刑罚民粹主义给刑事司法制度带来的纷争和混乱迫使西方国家许多学者开始反思这种现象,而有些国家也在努力抗拒民粹化对立法活动的影响。民粹化现象在德国的影响力就比美国小得多。这主要基于三个方面的理由:①媒体的自律。在德国,传统犯罪的报道规模要比英国小得多。与犯罪有关的新闻在报纸、广播与电视报道中只占很小的比重,也因此而受到较少的政治关注。[130]②对刑事司法体系的较高信任。在整个20世纪90年代,德国人对犯罪的恐惧处于相对较低的水平,与此同时对刑事司法体系的信任度则很高。[131]③人们对法律精英的尊重。在德国,人们对刑事司法专家和法官有很高的信任与尊敬,德国的法学教授们在20世纪60年代刑法典的修订中起到非常大的作用。[132]换作在英国或者美国,如果有关政策制定者会定期咨询法学教授的意见并对他们及他们的权威保持尊重的话,这种念头甚至会让绝大多数观察者受到惊吓。[133]
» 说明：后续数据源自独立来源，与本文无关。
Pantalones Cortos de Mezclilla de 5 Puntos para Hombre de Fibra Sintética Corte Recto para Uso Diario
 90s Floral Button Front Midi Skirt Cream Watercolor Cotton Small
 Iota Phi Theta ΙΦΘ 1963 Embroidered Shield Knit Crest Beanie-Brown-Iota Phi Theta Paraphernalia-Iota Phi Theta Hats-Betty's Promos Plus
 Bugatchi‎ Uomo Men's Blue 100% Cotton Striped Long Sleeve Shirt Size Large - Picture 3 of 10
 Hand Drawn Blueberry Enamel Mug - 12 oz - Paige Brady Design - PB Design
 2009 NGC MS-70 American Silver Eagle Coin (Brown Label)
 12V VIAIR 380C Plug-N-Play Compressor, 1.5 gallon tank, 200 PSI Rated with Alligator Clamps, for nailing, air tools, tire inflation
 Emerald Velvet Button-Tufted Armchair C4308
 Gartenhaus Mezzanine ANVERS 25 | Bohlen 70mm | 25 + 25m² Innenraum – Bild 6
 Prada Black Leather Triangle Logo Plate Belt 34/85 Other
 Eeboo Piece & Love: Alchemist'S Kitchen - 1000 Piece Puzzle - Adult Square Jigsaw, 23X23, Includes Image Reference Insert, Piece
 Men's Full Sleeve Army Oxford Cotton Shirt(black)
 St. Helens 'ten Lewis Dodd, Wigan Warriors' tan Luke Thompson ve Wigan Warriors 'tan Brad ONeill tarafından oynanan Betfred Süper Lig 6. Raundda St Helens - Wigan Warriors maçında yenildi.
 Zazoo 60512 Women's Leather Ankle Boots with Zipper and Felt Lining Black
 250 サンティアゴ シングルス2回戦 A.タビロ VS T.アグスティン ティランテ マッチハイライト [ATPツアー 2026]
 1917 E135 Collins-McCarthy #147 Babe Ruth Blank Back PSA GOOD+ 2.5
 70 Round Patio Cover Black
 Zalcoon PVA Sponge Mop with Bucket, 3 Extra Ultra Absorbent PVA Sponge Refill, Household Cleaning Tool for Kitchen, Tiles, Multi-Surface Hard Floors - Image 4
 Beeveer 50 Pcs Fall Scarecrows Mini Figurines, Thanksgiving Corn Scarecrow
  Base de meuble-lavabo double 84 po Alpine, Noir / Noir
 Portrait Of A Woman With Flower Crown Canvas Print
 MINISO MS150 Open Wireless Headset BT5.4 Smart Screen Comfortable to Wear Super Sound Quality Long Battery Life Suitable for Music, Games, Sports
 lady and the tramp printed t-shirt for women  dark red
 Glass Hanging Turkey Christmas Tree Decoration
通常而言,政治精英、法律精英和社会民众构成立法的三方主体结构。社会民众表达利益诉求,并为立法提供政治合法性,政治精英发起或者接受立法动议、推动立法进程,法律精英为法律草案文本提供专业化帮助。允许民众就立法活动表达诉求,不仅是由民众作为法律的主要适用对象而言,还由立法权的来源以及适用目的决定的。刑罚民粹主义是民众践行直接民主观念的一个极端表现形式。以美国三振出局法为例,民粹主义者能够将三振出局法变成现实,除了民众狂热性的支持外,还源于加利福尼亚州宪法规定的立法动议程序。动议程序是加利福尼亚州宪法1911年修改时确定的制度,是直接民主制的一部分。该程序意图在政府不愿意或者不能为公共利益服务的时候由人民直接采取行动。人民可以依靠动议程序通过政府不愿意通过的法律,也可以否决政府通过的不正当程序。因此,对刑罚民粹主义的批判不能离开特定国家的政治结构,尤其是法律制定过程的特点。在立法程序中,应当坚决摒弃民粹的影响,但是对其体现的直接民主思想应当予以充分尊重和重视。一定范围的直接民主更能符合民主的本意,因为它更能体现人民的利益和意志。民粹主义立法的最大问题,恐怕在于它侵犯了法律精英的专业化领地,损害了法律的内在价值和逻辑合理性。(www.xing528.com)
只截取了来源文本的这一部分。